BEGIN SUPPLIED INFORMATION

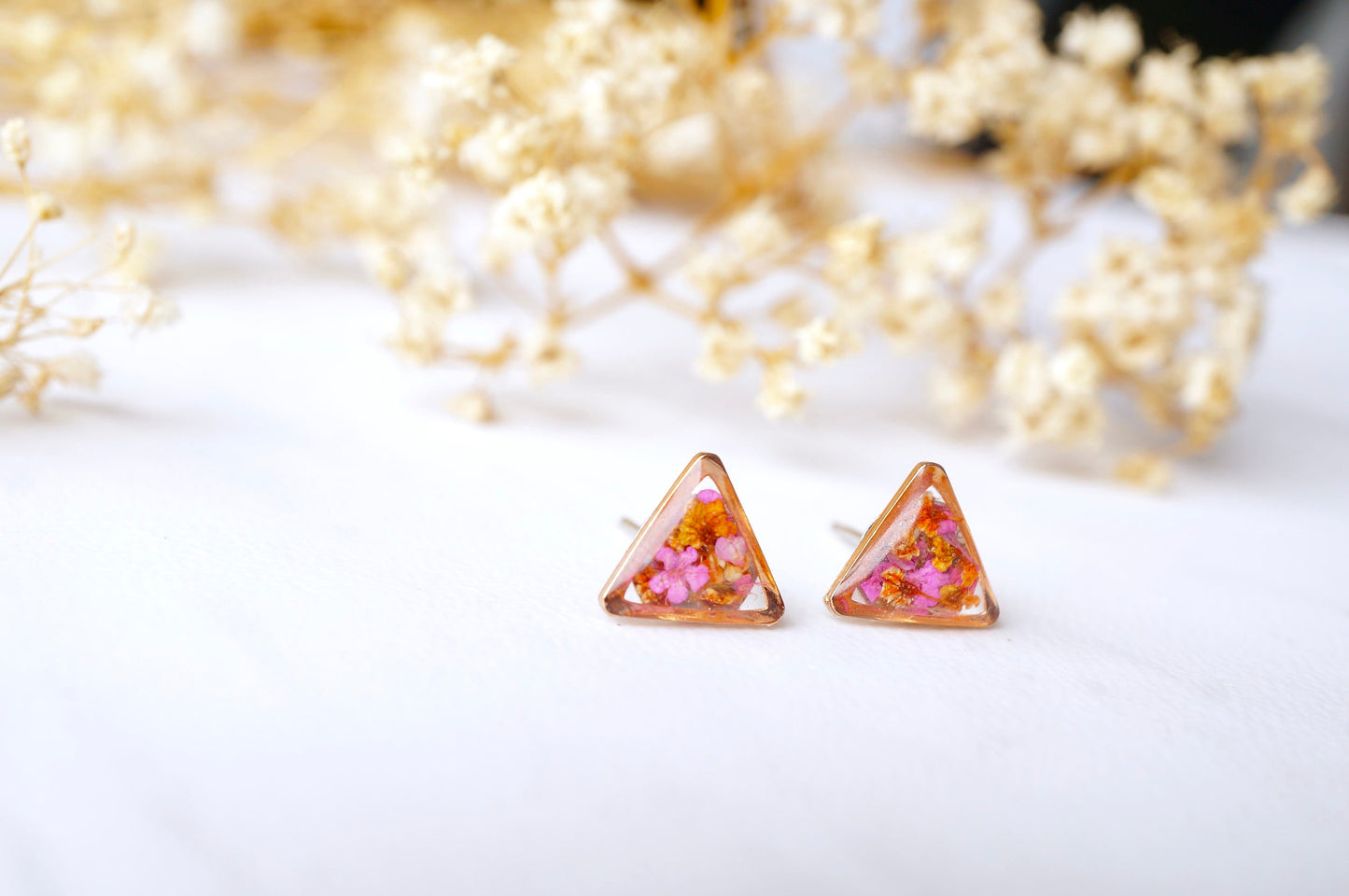 Real Dried Flowers and Resin Stud Earrings in Pink and Orange Mix with Rose Gold frame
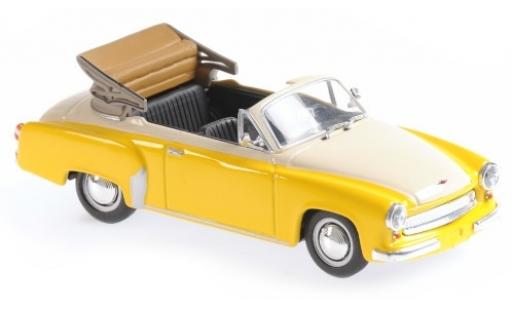 Diecast model cars Wartburg 311 1/43 Maxichamps Cabriolet yellow/white 1958 Wartburg 311 1/43 Maxichamps Cabriolet yellow/white 1958 diecast model cars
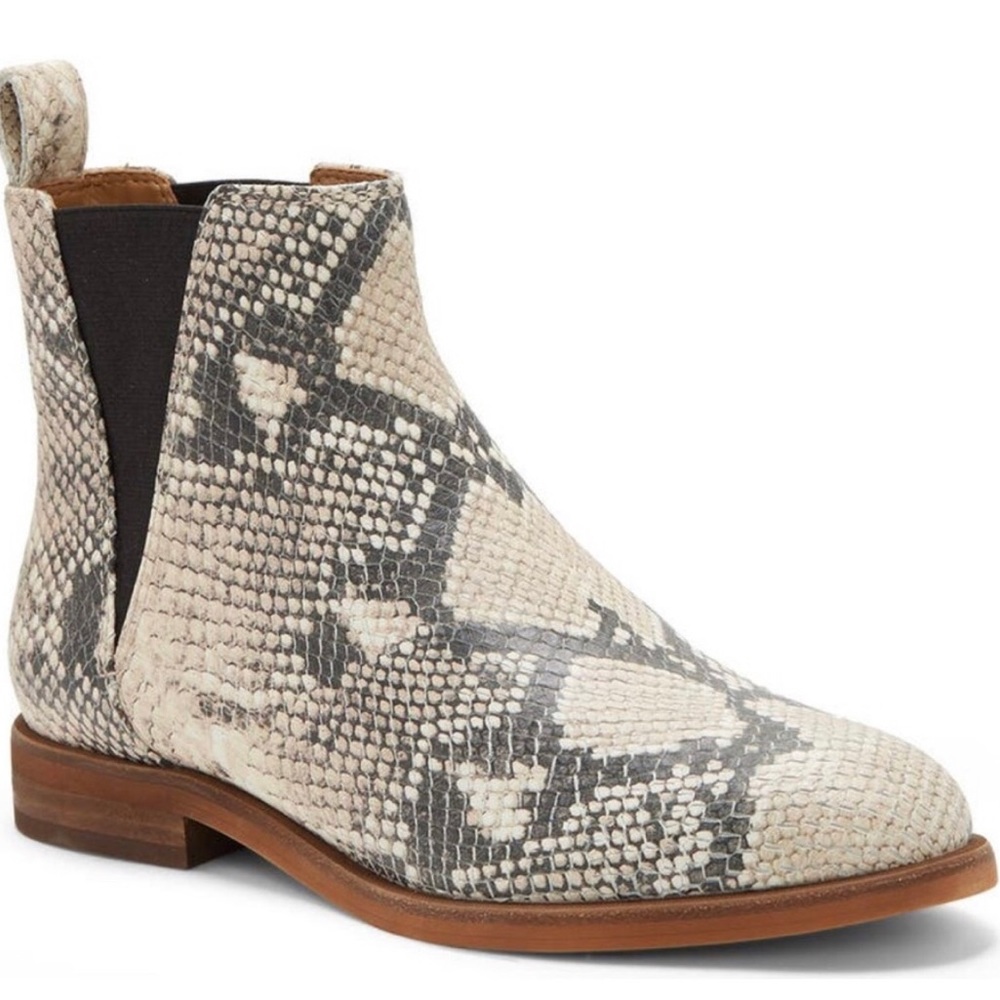 NWOT Lucky Brand Haylia Snake Print Pull On Leather Ankle Boot 7.5M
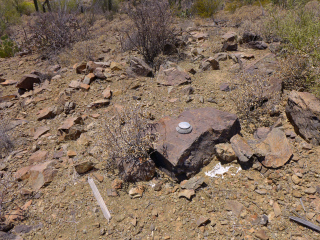 Eyelevel view of the disk on the rock outcrop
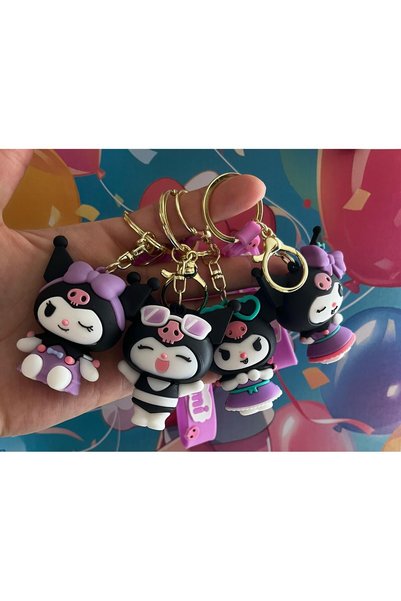 ŞEN AKSESUAR Kuromi Keychain Accessory Bag Ornament Silicone 3D Cartoon Figure
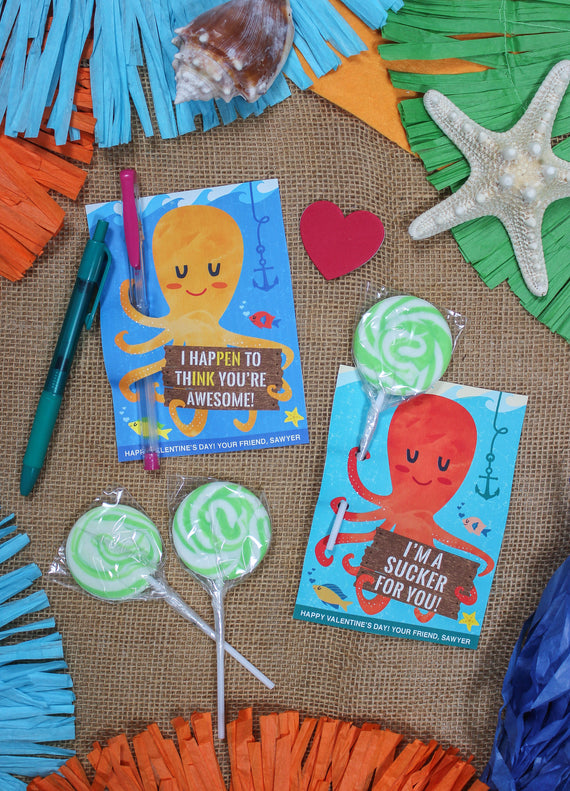 Octopus Kids Classroom Valentine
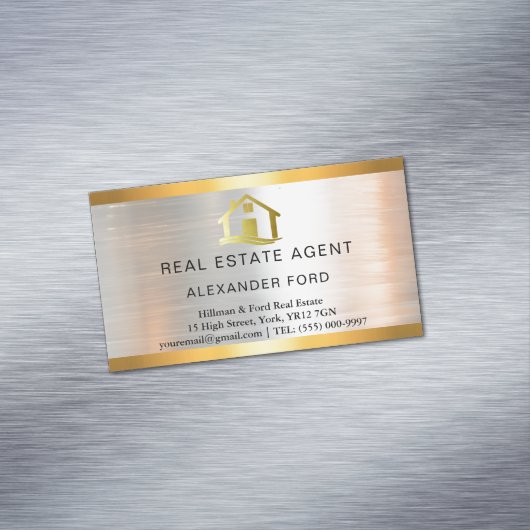 Luxus Real Anwesen Agent silber Metallic Gold Magnetische Visitenkarte (Beispiel)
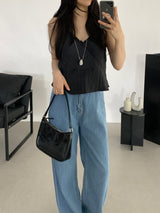 Derin Frill Bustier Sleeveless Blouse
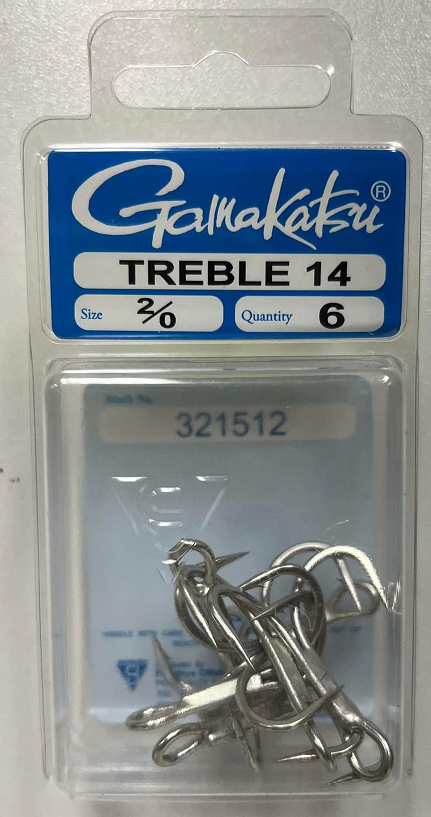 Gamakatsu 14 Treble Fishing Hook #2/0 6pk
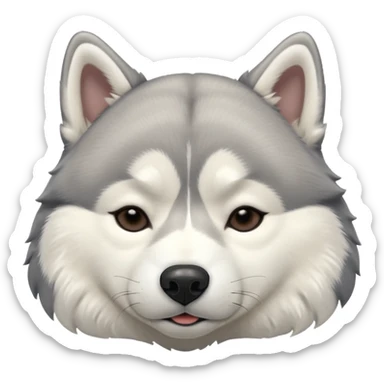 full size husky dog sleeping with eyes closed  sticker
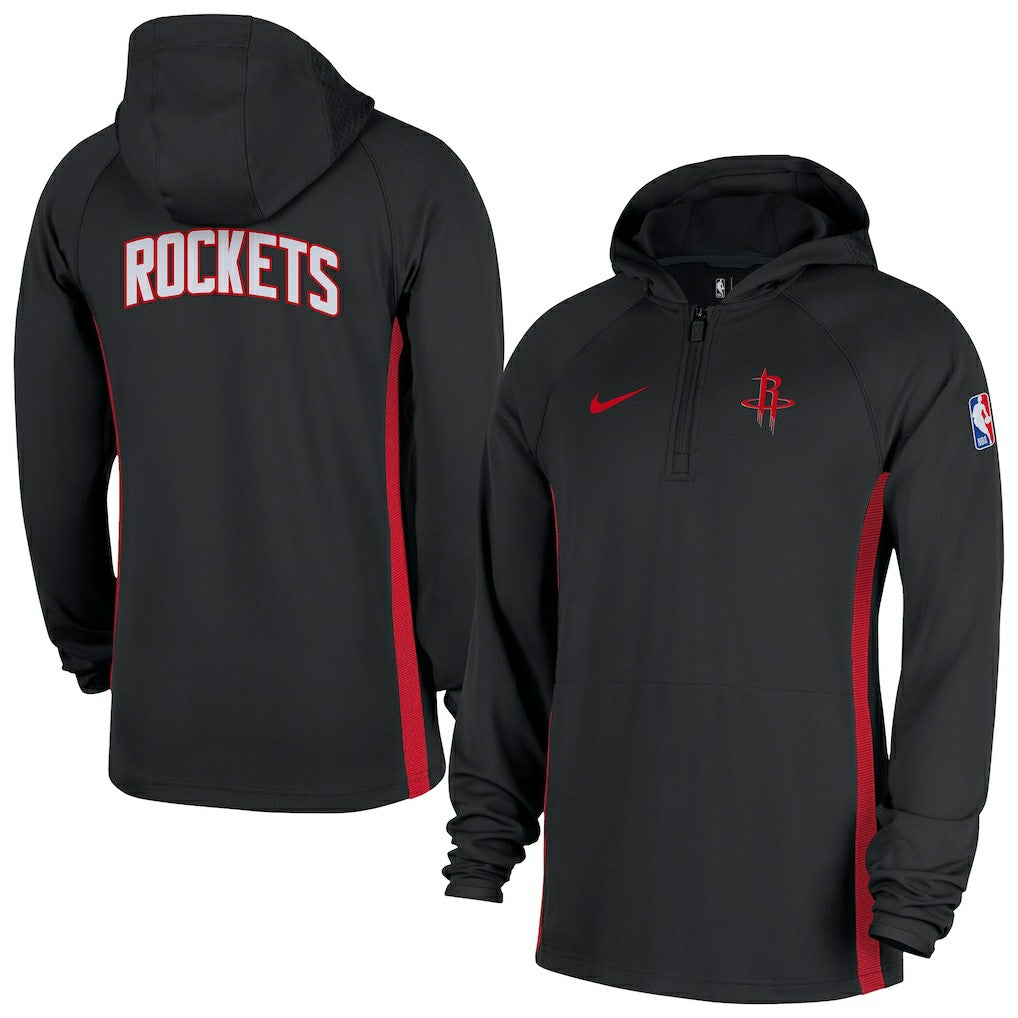 Houston Rockets Authentic On Court Zone Quarter-Zip Dri-FIT Hoodie Jacket Black - NBA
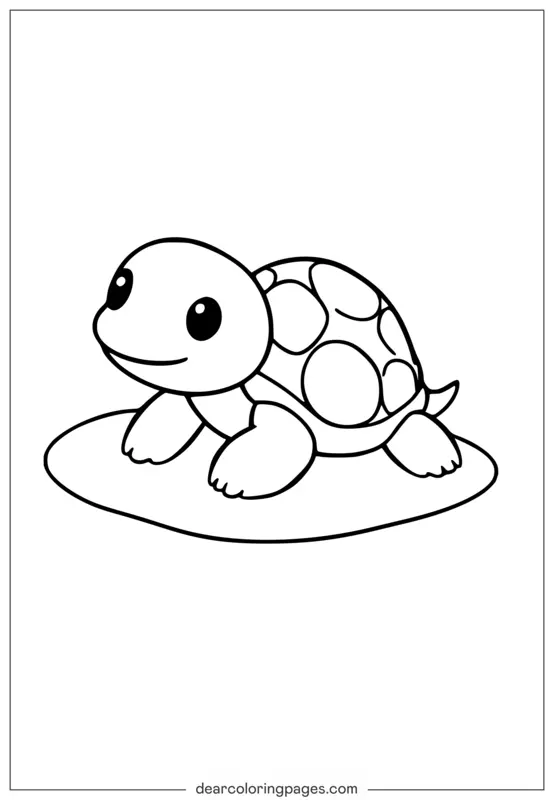 Turtle Coloring Page - Cute Turtle on Lily Pad Coloring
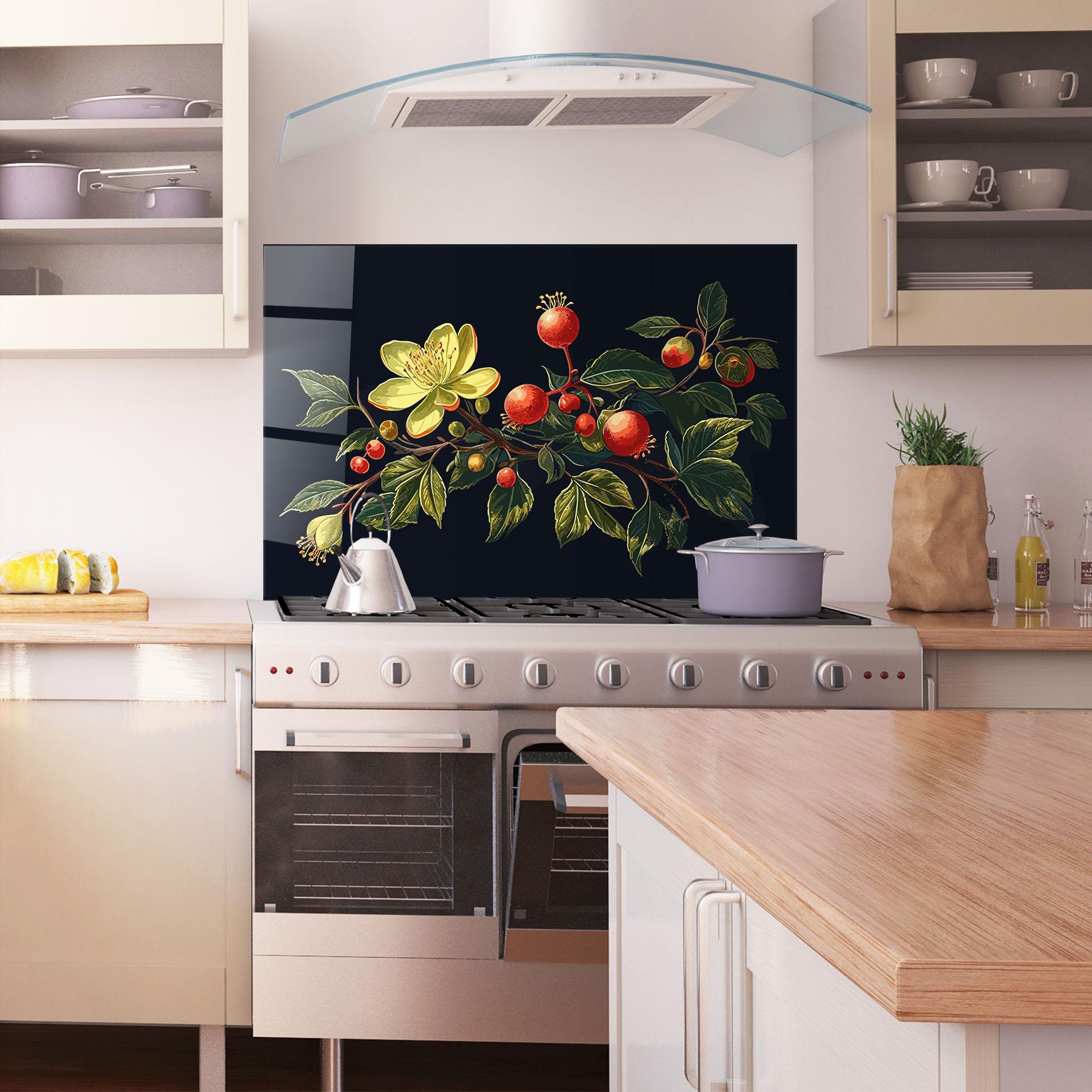 Küchenrückwand Glas Yellow Flower Food mockup 1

END SUPPLIED INFORMATION

#### WHAT IS NEEDED
The job is to return the listing above exactly, minus its pictures.

#### WORKED SOLUTION
 Real Dried Flowers and Resin Stud Earrings in Pink and Orange Mix with Rose Gold frame
 Diecast model cars Wartburg 311 1/43 Maxichamps Cabriolet yellow/white 1958 Wartburg 311 1/43 Maxichamps Cabriolet yellow/white 1958 diecast model cars
 NWOT Lucky Brand Haylia Snake Print Pull On Leather Ankle Boot 7.5M
 Eyelevel view of the disk on the rock outcrop
 ŞEN AKSESUAR Kuromi Keychain Accessory Bag Ornament Silicone 3D Cartoon Figure
 Octopus Kids Classroom Valentine
 Luxus Real Anwesen Agent silber Metallic Gold Magnetische Visitenkarte (Beispiel)
 Derin Frill Bustier Sleeveless Blouse
 Gamakatsu 14 Treble Fishing Hook #2/0 6pk
 full size husky dog sleeping with eyes closed  sticker
 Houston Rockets Authentic On Court Zone Quarter-Zip Dri-FIT Hoodie Jacket Black - NBA
 Turtle Coloring Page - Cute Turtle on Lily Pad Coloring
 Küchenrückwand Glas Yellow Flower Food mockup 1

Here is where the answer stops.